▶ [ABOUT THIS EXERCISE]
Print the data once more, exactly as given. Drop the pictures.

▶ [MATERIAL SHOWN]
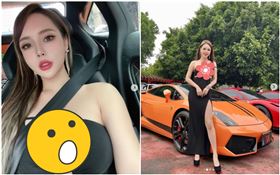 肝連妹（周苗苗）擁有美艷臉蛋與超火辣身材。（圖／翻攝自IG）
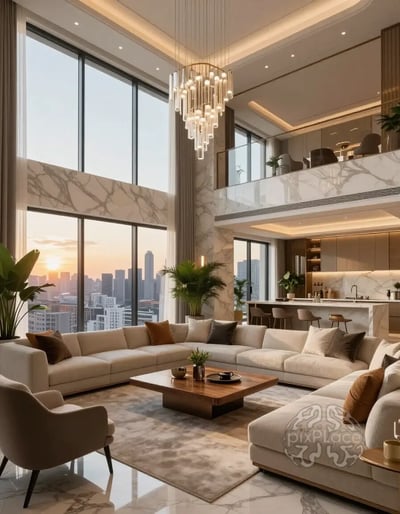 Luxury Modern Living Room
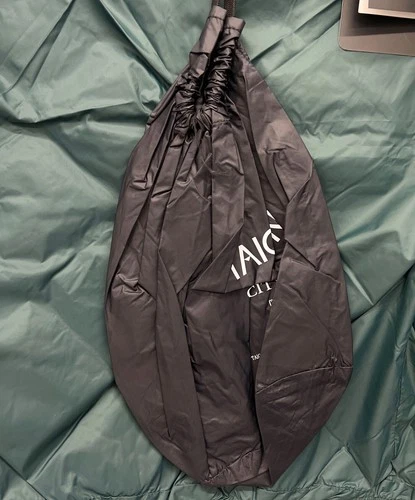 TAION Down Jacket Men's Size S Green Excellent image 9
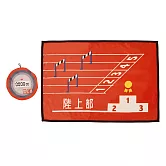 日本丸真 社團活動兩用毛毯(附造型收納袋)  田徑社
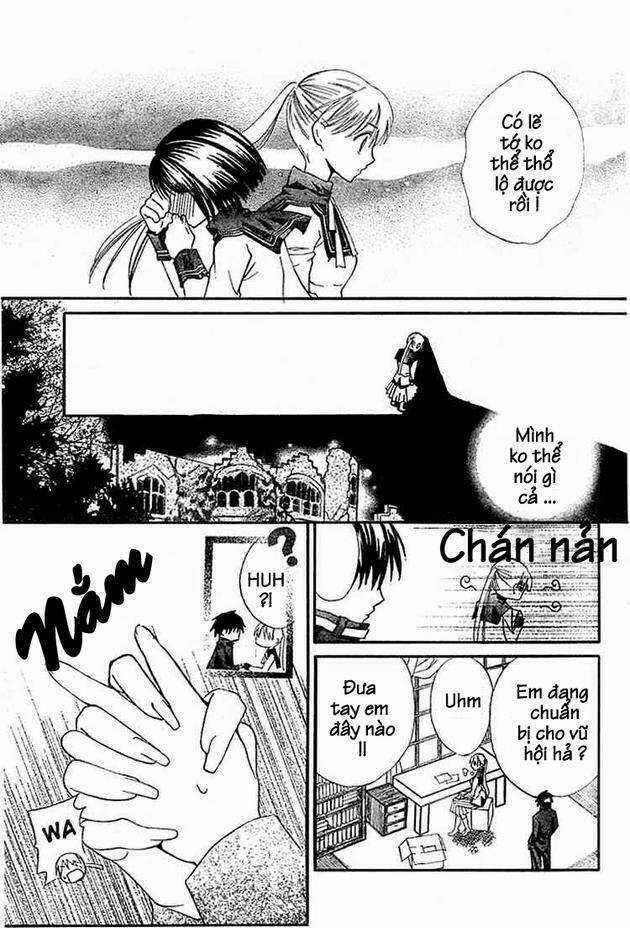 Bloody Kiss Chapter 3 trang 29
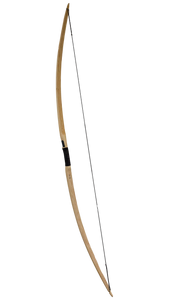 Snake River Longbow - Rattlesnake Skin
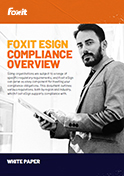 Foxit eSign Security Overview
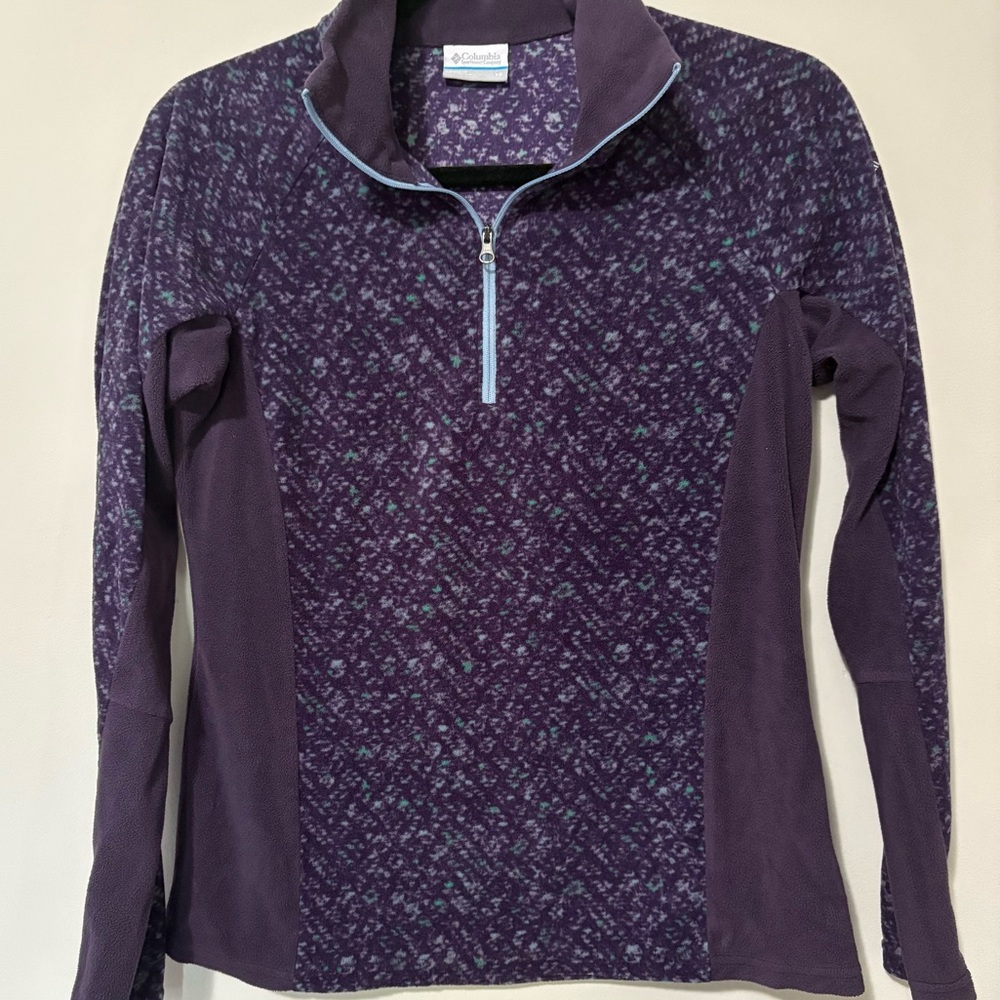 Columbia Women's Glacial IV Half Zip Fleece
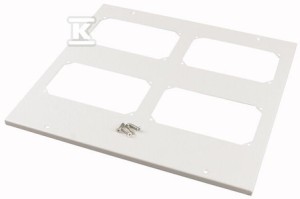 XSPTF0606 Pokrywa górna IP 55 z otworami
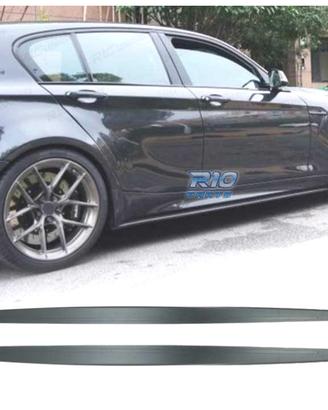 AGGIUNTE PARAFANGHI BMW F20 F21 LOOK M PERFORMANCE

▶ [WORKED SOLUTION]
 肝連妹（周苗苗）擁有美艷臉蛋與超火辣身材。（圖／翻攝自IG）
 Luxury Modern Living Room
 TAION Down Jacket Men's Size S Green Excellent image 9
 日本丸真 社團活動兩用毛毯(附造型收納袋)  田徑社
 Bloody Kiss Chapter 3 trang 29
 Snake River Longbow - Rattlesnake Skin
 Foxit eSign Security Overview
 Columbia Women's Glacial IV Half Zip Fleece
 XSPTF0606 Pokrywa górna IP 55 z otworami
 AGGIUNTE PARAFANGHI BMW F20 F21 LOOK M PERFORMANCE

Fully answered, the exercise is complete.